Penemuan 3I/ATLAS dilakukan pada 1 Juli 2025 melalui teleskop ATLAS (Asteroid Terrestrial-impact Last Alert System) di Rio Hurtado, Chili, yang didanai oleh NASA.
Sejak itu, komet ini terus diamati oleh ilmuwan di seluruh dunia karena dinilai bisa memberi wawasan penting tentang pembentukan sistem bintang lain di luar tata surya kita.
Menurut NASA, 3I/ATLAS tidak menimbulkan ancaman bagi Bumi. Komet tersebut akan tetap berada pada jarak aman sekitar 240 juta kilometer dari planet kita—dua kali jarak antara Bumi dan Matahari.
Meski begitu, para ilmuwan menyebut fenomena ini sebagai “momen emas” untuk mempelajari struktur kimia komet antar bintang.

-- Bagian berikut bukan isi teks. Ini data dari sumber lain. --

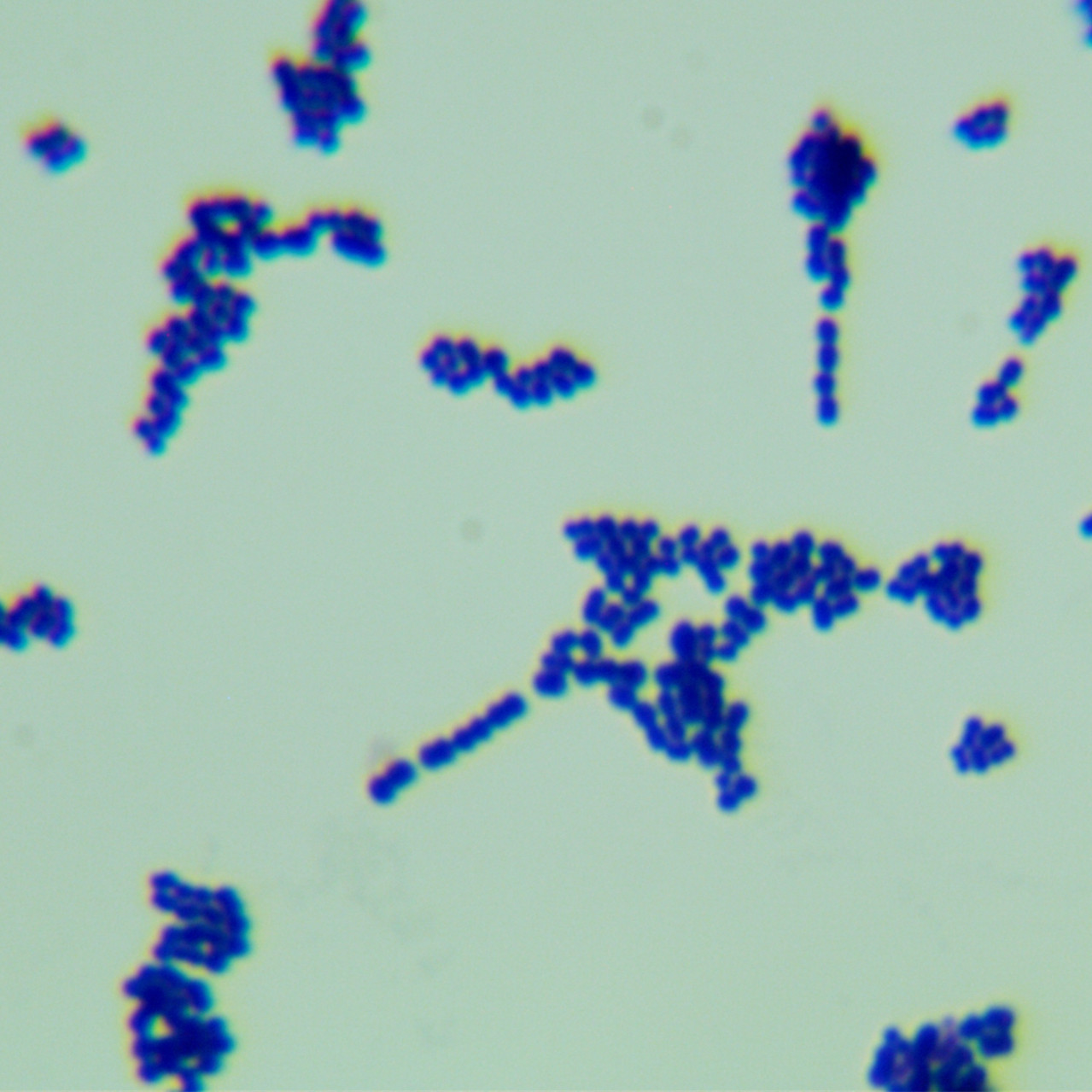 Streptococcus agalactiae-BNCC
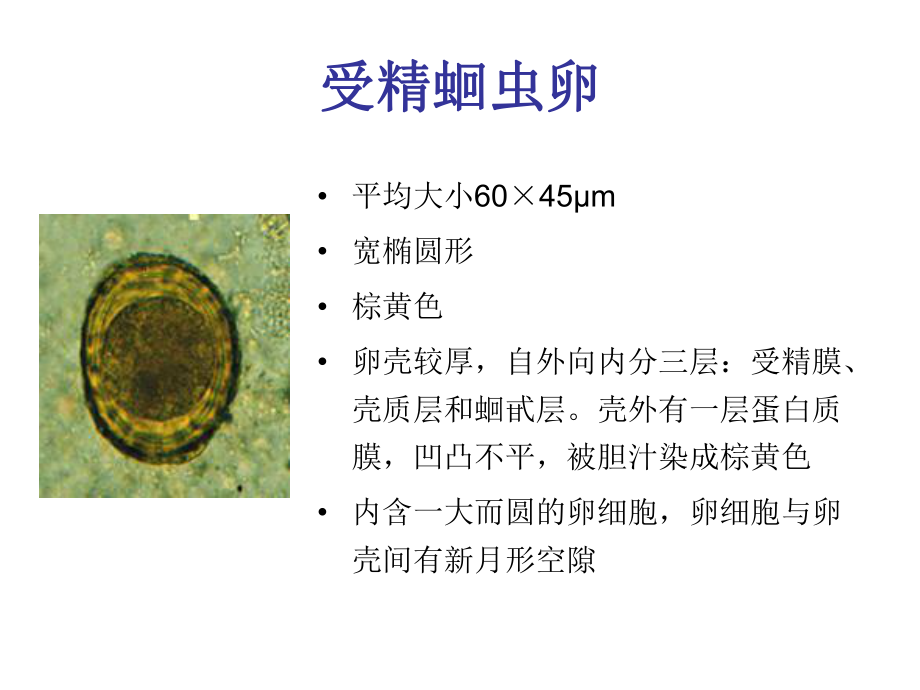 最新土线生活史、病原、诊断和操作知识精品课件.ppt_第2页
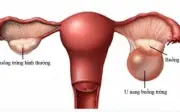Phát hiện u buồng trứng khổng lồ 15cm sau 2 năm bỏ tái khám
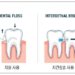 "치실·치간칫솔 쓰니 뇌졸중 위험 23% 낮아졌다" 6 “치실·치간칫솔 쓰니 뇌졸중 위험 23% 낮아졌다”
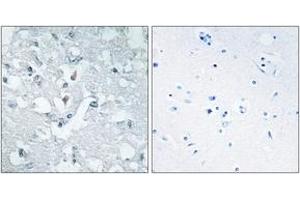 Immunohistochemistry analysis of paraffin-embedded human brain tissue, using GLCTK Antibody. (GLYCTK 抗体  (AA 101-150))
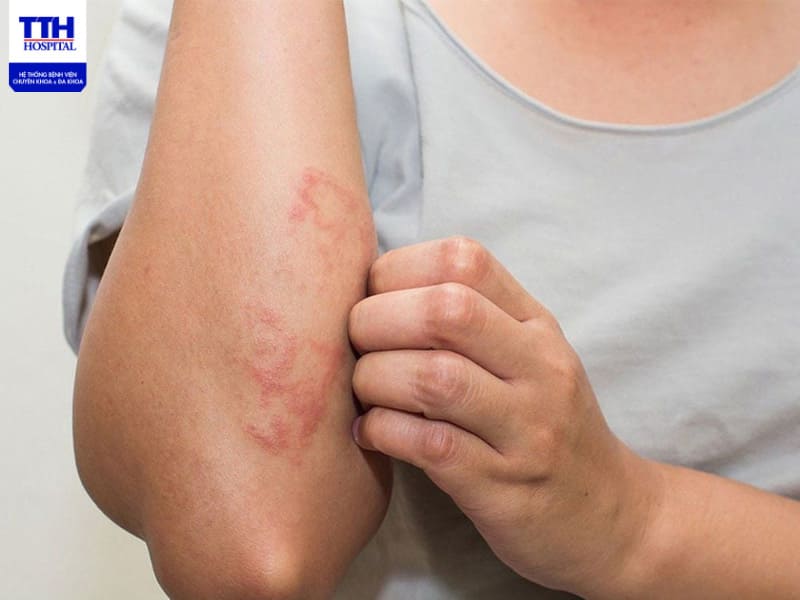 Viêm da tiếp xúc làm vùng da dễ bị tổn thương và sưng đỏ, ngứa rát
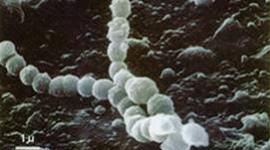 むし歯菌(ミュータンス連鎖球菌)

Titik terdekat 3I/ATLAS terhadap Matahari, atau yang disebut perihelion, terjadi pada 29 Oktober pukul 11:47 UTC.
Pada saat itu, jaraknya sekitar 1,4 satuan astronomi (AU), atau sekitar 210 juta kilometer dari Matahari—hampir setara dengan orbit planet Mars.

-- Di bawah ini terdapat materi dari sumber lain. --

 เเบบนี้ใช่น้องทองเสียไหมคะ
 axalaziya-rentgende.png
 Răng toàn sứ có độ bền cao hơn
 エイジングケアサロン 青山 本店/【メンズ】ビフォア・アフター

Baca Juga: Benarkah Makan Udang Beku dari Indonesia Bisa Jadi Alien seperti Kata John Kennedy?
Meskipun mendekati Matahari, komet ini terlalu redup untuk dilihat tanpa teleskop karena jaraknya yang masih sangat jauh dari Bumi.
Setelah melewati perihelion, komet akan perlahan menjauh dari Matahari dan kembali menuju ruang antar bintang.

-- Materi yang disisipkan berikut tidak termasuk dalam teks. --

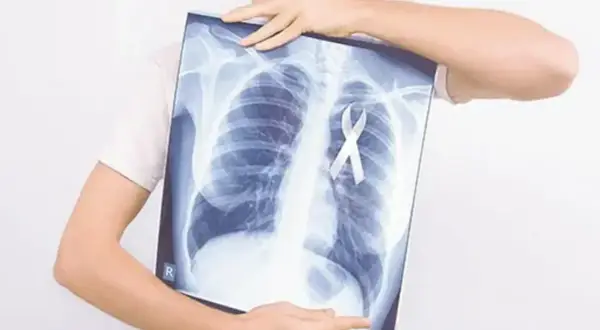 Rentgen klatki piersiowej z białą wstążką symbolizującą nadzieję na leczenie, np. pembrolizumabem.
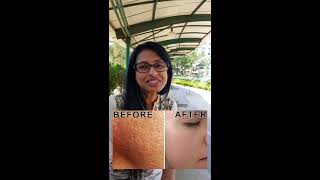 Open Pores खुले रोम छिद्रों को कैसे बंद करें   ?Treatment at home 100% Natural DailyHealthTip -10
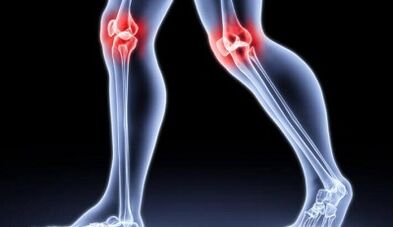 Prevention of the development of arthritis and arthrosis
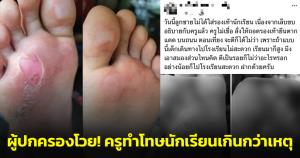 ผู้ปกครองโวย! ลูกเป็นเล็บขบใส่รองเท้าแตะไปเรียน ครูไม่เชื่อสั่งลงโทษถอดรองเท้ายืนตากแดด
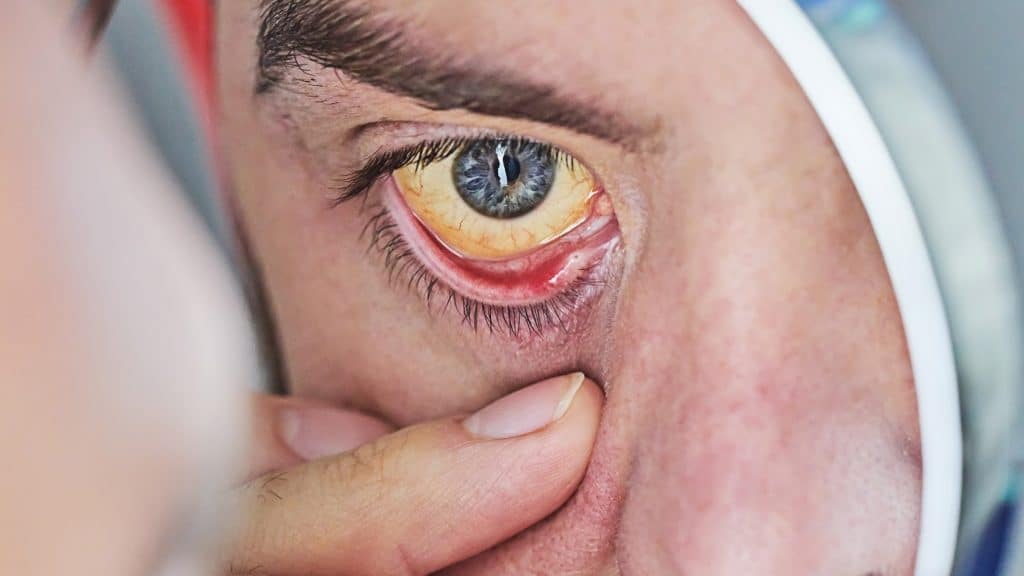 Icterícia: o que é, quais as causas e quando pode ser um sinal de alerta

NASA memperkirakan komet ini baru akan terlihat lagi di Belahan Bumi Utara pada Desember 2025, ketika cahayanya muncul kembali di langit pagi.
Keistimewaan 3I/ATLAS terletak pada asalnya yang berasal dari luar tata surya. Artinya, ia tidak terikat oleh gravitasi Matahari dan hanya "melintas sekali" sebelum keluar lagi menuju ruang antarbintang.
Mengutip dari News Week (29/10/2025), para ilmuwan seperti Jason Wright, profesor astronomi di Penn State University, menyebut bahwa setiap komet antar bintang menawarkan potongan informasi unik tentang bagaimana sistem bintang lain terbentuk.
"Dengan mempelajari cahaya yang dipantulkan oleh komet ini, kita bisa tahu apakah bahan-bahan seperti air, karbon, dan silikat juga umum di sistem bintang lain," ujar Wright mengutip News Week (29/10/2025).
"Kalau ternyata komposisinya berbeda, itu berarti lingkungan tempat komet ini terbentuk juga berbeda jauh dari tata surya kita."
Selain itu, ilmuwan tertarik untuk meneliti bagaimana komet antar bintang seperti 3I/ATLAS bisa bertahan selama jutaan tahun di ruang angkasa yang ekstrem—penuh radiasi dan suhu beku.
Pengamatan mendetail terhadap aktivitas gas dan debu di sekitar komet bisa membantu menjelaskan daya tahan material kosmik di luar tata surya.
Namun, tak semua ilmuwan sepakat bahwa 3I/ATLAS hanyalah komet biasa. Avi Loeb, profesor sains dari Harvard University, mengklaim bahwa ada kemungkinan 30–40 persen komet ini merupakan teknologi buatan makhluk cerdas.
Menurut Loeb, terdapat delapan kejanggalan pada perilaku komet ini, termasuk ukurannya yang jauh lebih besar dan kecepatannya yang tinggi dibanding dua komet antar bintang sebelumnya.
Ia juga menyoroti bahwa 3I/ATLAS tidak bisa diamati dari Bumi tepat saat berada di posisi terdekatnya dengan Matahari, yang menurutnya “terlalu kebetulan".
"Apakah ini hanya kebetulan, ataukah hasil dari perancangan orbit yang disengaja?" tanya Loeb. Ia bahkan sempat berseloroh dalam sebuah podcast agar orang-orang "liburan dulu sebelum tanggal 29 Oktober" karena tidak tahu apa yang akan terjadi.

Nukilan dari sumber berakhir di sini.